The kappa coefficients obtained from all fusion data strategies are displayed in a bar chart in Figure 13. All five strategies improved the classification accuracy. Among them, STR_A showed the smallest improvement, followed by STR_E. STR_B, STR_C, and STR_D were more accurate and more stable. In most cases, the addition of two predictions was better than using the addition of one. Based on the data from five strategies, the end of June and early July are the stages of rapid changes in crop growth curves. STR_A and STR_E corresponded to the data from the end of June 2021 and early July 2020 in time, resulting in a relatively low improvement. STR_C had slightly higher accuracy than STR_B on 30 July and 31 August 2021, while the opposite was evident on 5 September. From the training and prediction data, it can be seen that the time-series data for STR_C started as early as May, while STR_B started as early as April. This may be because the data for May and June were more similar to the data for July and August, and the data for April were more similar to the data for September. STR_D was higher than STR_B and STR_C on 30 July and lower than STR_B and STR_C on 31 August and 5 September. This is because STR_D used data from 19 August 2020 to correspond to data from 2021, while STR_B and STR_C used interpolated data from 19 August and 10 September 2020. It is obvious that the data on 19 August 2020 are closer to the data on 30 July 2021, and the interpolated data are closer to the data on 31 August and 5 September 2021. In general, during the vigorous growth stages of crops, it is more appropriate to choose STR_D if the corresponding reference image time is later than the predicted time and STR_C if the corresponding reference image time is earlier than the predicted time. For STR_C, the sequential forecast is more suitable than the individual forecast, while STR_D is the opposite. This should also be because the selection of data for the peak growth period of crops in 2021 is different.

4.2. Advantages and Disadvantages of the Model

TSSTFN combines UNet, LSTM, and CBAM to achieve the spatiotemporal fusion of MODIS and Sentinel-2 NDVI. The main objective was to enhance the accuracy of crop identification by incorporating high spatial resolution NDVI data from critical phenological periods of crops into the early NDVI data. Traditional spatiotemporal fusion models require the design of time-series models when using multiple pairs of time-series images. These models rely on the number of reference image pairs and relatively simple change patterns [25]. Additionally, existing methods cannot utilize information from previous years’ data and usually only allow the use of data with a consistent crop distribution within a single year. In contrast, TSSTFN has two advantages. Firstly, it can learn the temporal variation of ground features from the data pairs of previous years with cloudless NDVI data during critical phenological periods of the crops, even when the crop types in the area remain unchanged, or crop rotation is adopted. Secondly, it allows for the timely generation of NDVI data for critical phenological periods, using early reference data pairs and low-resolution NDVI data from critical phenological periods that are rarely captured.

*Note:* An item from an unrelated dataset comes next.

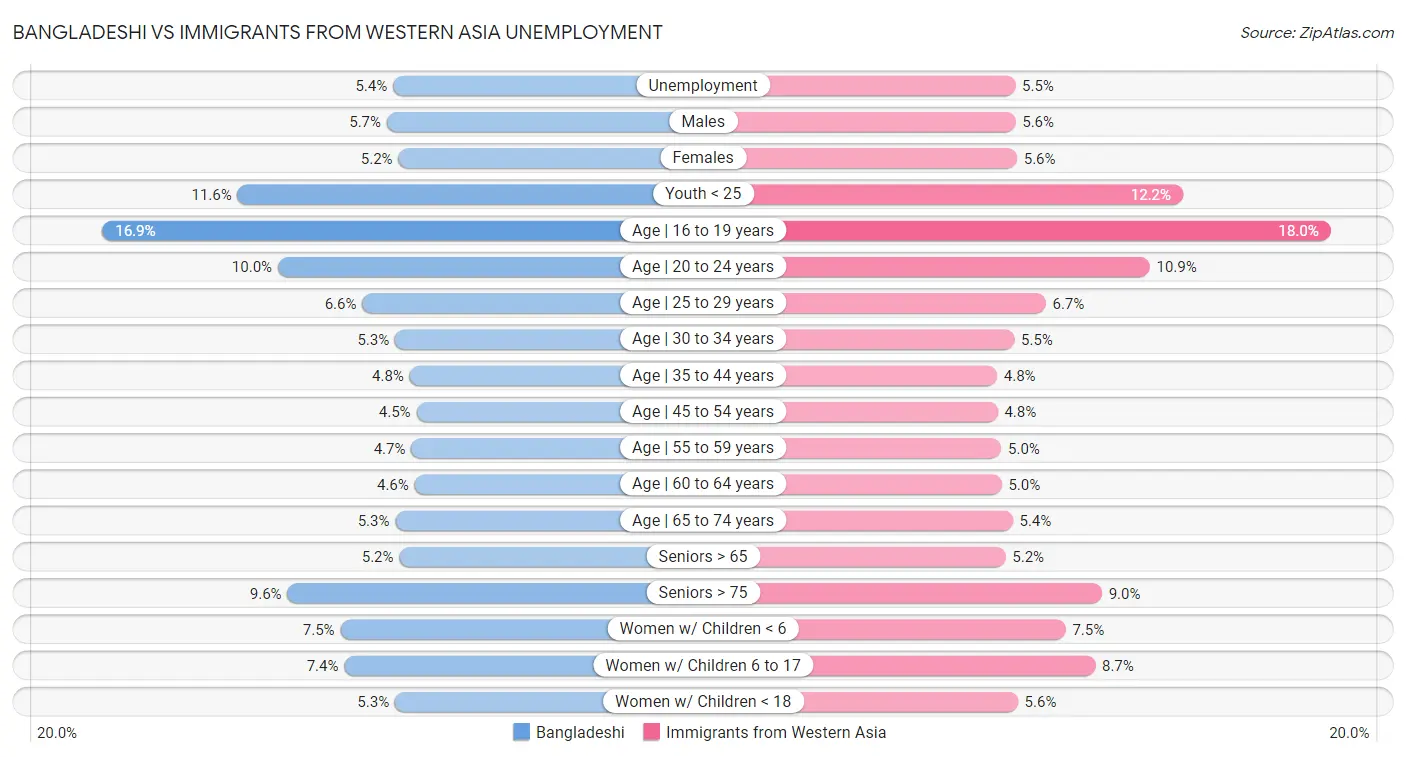 Bangladeshi vs Immigrants from Western Asia Unemployment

Although the time inconsistency between the data series from the previous year and the current year poses some challenges to the fusion process, the four data strategies proposed in this study have been experimentally proven to effectively improve the accuracy of crop identification. Although there may be a network structure that is more suitable for multi-time-series spatiotemporal fusion to further enhance crop classification, the experimental results of this study demonstrate that TSSTFN can generate fusion NDVI data for critical phenological periods in a timely manner during the crop growth period, thereby improving crop mapping accuracy. Due to the similarity in growth cycle and spectrum, it is difficult to distinguish between corn and soybean [41]. The accuracy we have achieved in mapping corn and soybeans is sufficient to demonstrate the superiority of TSSTFN.
However, this method assumes that the crop species in the area remain the same and that high-resolution images are available from previous years for the critical phenological period. Before using this method, the crop phenology of the area must be analyzed to distinguish the critical phenological period. In addition, this model requires more input data pairs and involves several preprocessing tasks. Notably, this study specifically focused on the fusion of NDVI data, considering the relatively stable pattern of vegetation growth and the unique characteristics of NDVI. Therefore, whether it is suitable for other vegetation indices or reflectance data requires further investigation.

5. Conclusions

This study proposes a novel time-series NDVI spatiotemporal fusion model, TSSTFN, to discover the phenological patterns and correspondences between high- and low-resolution data. The goal was to improve crop classification accuracy in a timely manner using the fused TSSTFN-NDVI of the critical phenological period. The issue of inconsistent data times between different years of the original satellite data prompted the design of four additional data strategies to process the fused data. Adding the TSSTFN-NDVI of the critical phenological period to the NDVI sequence of the early season improved the crop classification accuracy. Furthermore, time alignment strategies improved the accuracy more significantly. This study demonstrates the potential of deep learning in the spatiotemporal fusion of NDVI sequences for crop classification.

Author Contributions

Conceptualization, Y.W. (Yongchuang Wu), Y.W. (Yanlan Wu), and P.W.; data curation, W.Z. and H.L.; formal analysis, W.Z., F.L., and J.L.; funding acquisition, H.L. and P.W.; investigation, W.Z. and J.L.; methodology, W.Z. and P.W.; project administration, W.Z.; resources, F.L. and Y.W. (Yanlan Wu); software, W.Z., Y.W. (Yongchuang Wu), and Z.Y.; supervision, Z.Y., Y.W. (Yanlan Wu), and P.W.; validation, W.Z.; visualization, W.Z. and Y.W. (Yongchuang Wu); writing—original draft, W.Z.; writing—review and editing, H.L. and P.W. All authors have read and agreed to the published version of the manuscript.

Funding

This work was partially funded by the Open Fund of State Key Laboratory of Remote Sensing Science (grant number OFSLRSS202205), the National Natural Science Foundation of China (grant number 42001331), the Key Natural Science Research Project of Higher Education Institutions in Anhui Province (grant number 2023AH051013), and the Anhui Provincial Natural Science Foundation (grant number 2308085Y29).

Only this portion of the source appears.